Representing the Combined Press
With Arnhem Airborne Force, Tuesday.
This is the end. The most tragic and glorious battle of the war is over, and the survivors of this British airborne force can sleep soundly for the first time in eight days and nights.
Orders came to us yesterday to break out from our forest citadel west of Arnhem, cross the Rhine, and join up with the Second Army on the south bank.
Our commander decided against a concerted assault on the Germans round us. Instead, the plan was to split up into little groups, 10 to 20 strong, and set out along different routes at two-minute intervals, which would simply walk through the German lines in the dark.
Cheeky patrols went out earlier tying bits of white parachute tape to trees to mark the way. To hinder the Germans waking up to what was happening. Second Army guns laid down a battering box barrage all afternoon.
The first party was to set off at 10 p.m.; our group was to leave at 10.4 p.m. They went round distributing little packets of sulphanilamide and morphia. We tore up blankets and wrapped them round our boots to muffle the sound of our feet in the trees.
Waited for Boats
We were told the password – “John Bull.” If we became separated, each man was to make his way by compass due south until he reached the river.
Our major is an old hand. He led the way, and linked our party together by getting everyone to hold the tail of the parachutist’s smock of the man in front of him, so our infiltrating column had an absurd resemblance to some children’s game.
It was half-light, with the glow of fires from burning houses around, when we set out. We were lucky; we went through a reputed enemy pocket without hearing a shot except, for a stray sniper’s bullet.
Another group met a machine-gun with a fixed line of fire across their path. Another had to silence a bunch of Germans with a burst of Sten fire and hand grenades
Another had to pause while a German finished his evening stroll across the pathway. But we all got through without the enemy realising that we were doing anything more than normal night patrolling.
The worst part was waiting two hours by the riverside till our turn came for assault boats to ferry us across. The Germans, if not yet definitely suspicious, were inquisitive; they kept on sending up flares and it was vital to lie flat, and motionless.
In our boat queue we lay flat and shivering on a soaking field with cold rain drizzling down. Occasionally machine-guns spattered out and bullets tweaked through the grass.
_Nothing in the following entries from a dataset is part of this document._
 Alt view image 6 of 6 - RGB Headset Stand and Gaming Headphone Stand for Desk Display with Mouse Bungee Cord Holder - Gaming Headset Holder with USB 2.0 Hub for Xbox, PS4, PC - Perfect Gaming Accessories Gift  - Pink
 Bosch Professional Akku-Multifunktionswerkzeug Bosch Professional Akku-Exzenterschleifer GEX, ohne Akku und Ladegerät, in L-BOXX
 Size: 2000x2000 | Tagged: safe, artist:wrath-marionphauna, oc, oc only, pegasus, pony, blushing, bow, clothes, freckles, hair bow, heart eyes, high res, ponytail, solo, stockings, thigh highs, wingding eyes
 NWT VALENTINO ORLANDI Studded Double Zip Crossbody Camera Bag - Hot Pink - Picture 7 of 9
We were lucky again; our actual crossing was quiet. But soon after it seemed that the Germans had guessed what was going on, because they mortared and shelled heavily along the shallow river banks.
One soldier in the next field was hit and called out for help. Men whose turn for a place in the boats had come after hours of waiting insisted on staying under fire a little longer so that the wounded could go first.
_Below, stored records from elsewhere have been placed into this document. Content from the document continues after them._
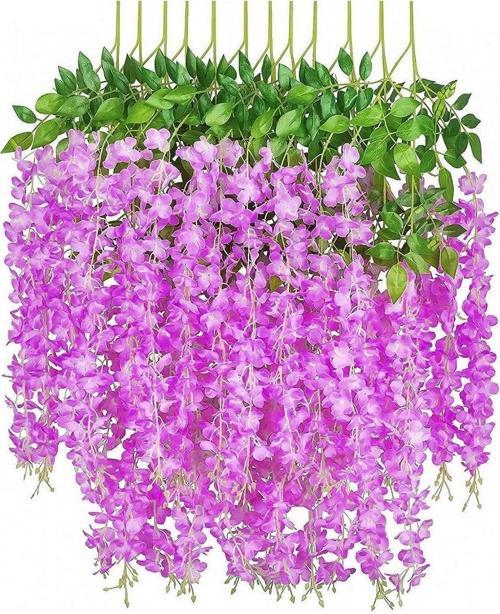Sarkan Yapay Çiçek Akasya LİLA 80 cm 3 Sarkan Dallı 12 ADET BAĞ
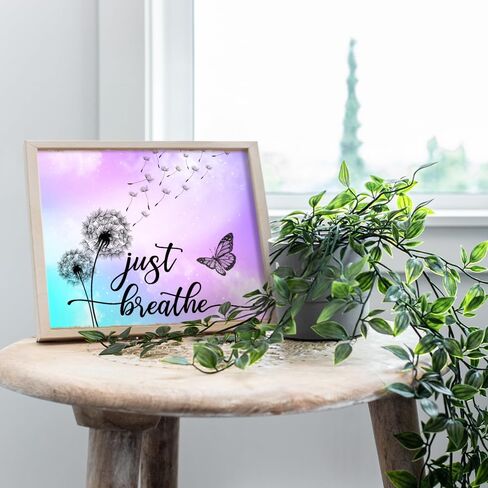 Just Breathe Wall Art - positive Quotes Purple Office Wall Decor for Women - Farmhouse Bedroom Inspirational Wall Decor - Motivational Wall Decor Shabby Chic Art - Zen Spa Wall Art, Butterfly Wall Art in Saudi Arabia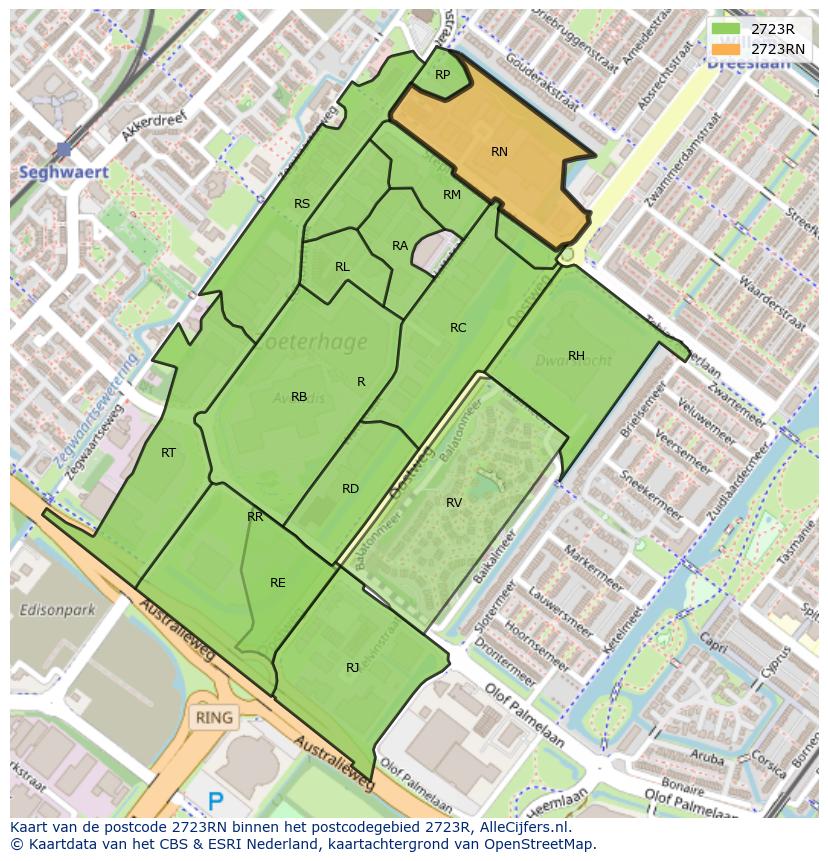 Afbeelding van het postcodegebied 2723 RN op de kaart.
Any wounded left behind, of course, became automatically prisoners of war, so many sick and limping left their beds to take a chance with the escape parties making their way to the river.
And so this epic stand of the British airborne soldiers ended as it had been fought – with honour, with high courage, with selfless sacrifice.
What of the spirits of these men as they trudged back through the wet night to the billets where they are now sunk in sodden sleep?
You can best judge it by the name they chose for last night’s break-out. It had the same objective as they have always had and they still mean to get in there. They called it “Operation Berlin.”